I'm implementing a lazy-load dictionary; my implementation basically
stores keys that are to be loaded lazily internally (in a member
dictionary) and then in __getitem__ I look to see if the key needs to
be loaded and if so I load it. My class inherits from dict and has
keys(), __contains__, __get/setitem__, items(), etc all properly
implemented--seems to work fine in most cases.

My question is, what methods do I need to implement to make ** work on
a custom dictionary-like object, or is it not possible?

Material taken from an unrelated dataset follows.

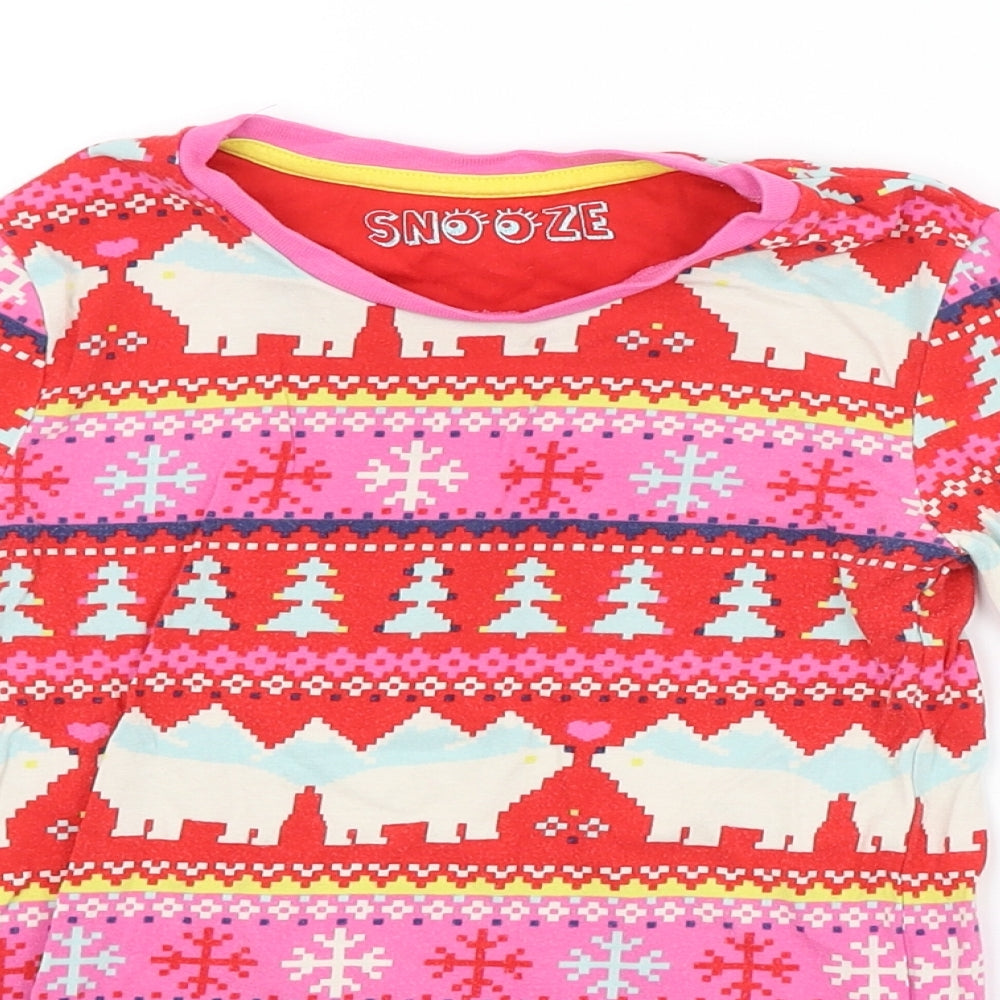M&S Girls Multicoloured Argyle/Diamond  Basic T-Shirt Size 6-7 Years  - CHRISTMAS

Here's how you can see the problem.

Simplified LazyDict (the real one actually stores callbacks to
generate values, but this is enough to show the problem--my real one
implements a lot more dict methods, but still doesn't work):

class LazyDict(dict):
def __init__(self):
dict.__init__(self)
self.special_keys={}
def addLazy(self, key, val):
if dict.has_key(self, key):
dict.__delitem__(self, key)
self.special_keys[key]=val
def has_key(self, key):
return self.__contains__(key)
def __contains__(self, key):
if dict.has_key(self, key):
return 1
elif dict.has_key(self.special_keys, key):
return 1
else:
def __getitem__(self, key):
if dict.has_key(self, key):
return dict.__getitem__(self, key)
elif key in self.special_keys.keys():
self[key]=self.special_keys[key]
del self.special_keys[key]
return dict.__getitem__(self, key)
return 0

e.g. put the above in LSimple.py and:

>>> def g(foo):
... print foo
...
>>> a=LSimple.LazyDict()
>>> a.addLazy("foo", 2)
>>> g(**a)
Traceback (most recent call last):
File "<stdin>", line 1, in ?
TypeError: g() takes exactly 1 argument (0 given)
>>> a["foo"]
2
>>> g(**a)
2
>>>

Thanks for your time.

[Larry Bates]

Remember that ** syntax passes each member of the
dictionary as a separate keyword argument.

I think you meant to write:

def g(**foo):
print foo

But this seems odd construct. Telling Python to
split a dictionary into separate arguments and then
telling it to reassemble the into a dictionary in
the function. You should consider just passing
the instance of the dictionary and skip all the **
(but this might just be a trivial example).

HTH,
Larry Bates
Syscon, Inc.

"G. S. Hayes" <sjde...@yahoo.com> wrote in message
news:96c2e938.04062...@posting.google.com...

[Christopher T King]

> My question is, what methods do I need to implement to make ** work on
> a custom dictionary-like object, or is it not possible?

As far as I can tell, it's not possible - Python seems to shortcut the
standard dictionary operators while retrieving the items in the
dictionary (this is possible since dictionaries are built-in, and Python
knows their structure). According to the language reference:

> If the syntax "**expression" appears in the function call, "expression"
> must evaluate to a (subclass of) dictionary

which seems pretty indicative that Python's shortcutting function calls
for efficiency reasons: if you implement every single dictionary method in
a class that's _not_ a subclass of dictionary, **mydict will fail because
Python can't access its values directly.

Your best bet is probably to call the function as func(**dict(mydict)).
dict() doesn't shortcut custom methods, so this should act as expected.

[G. S. Hayes]

Christopher T King <squi...@WPI.EDU> wrote in message news:<Pine.LNX.4.44.04062...@ccc8.wpi.edu>...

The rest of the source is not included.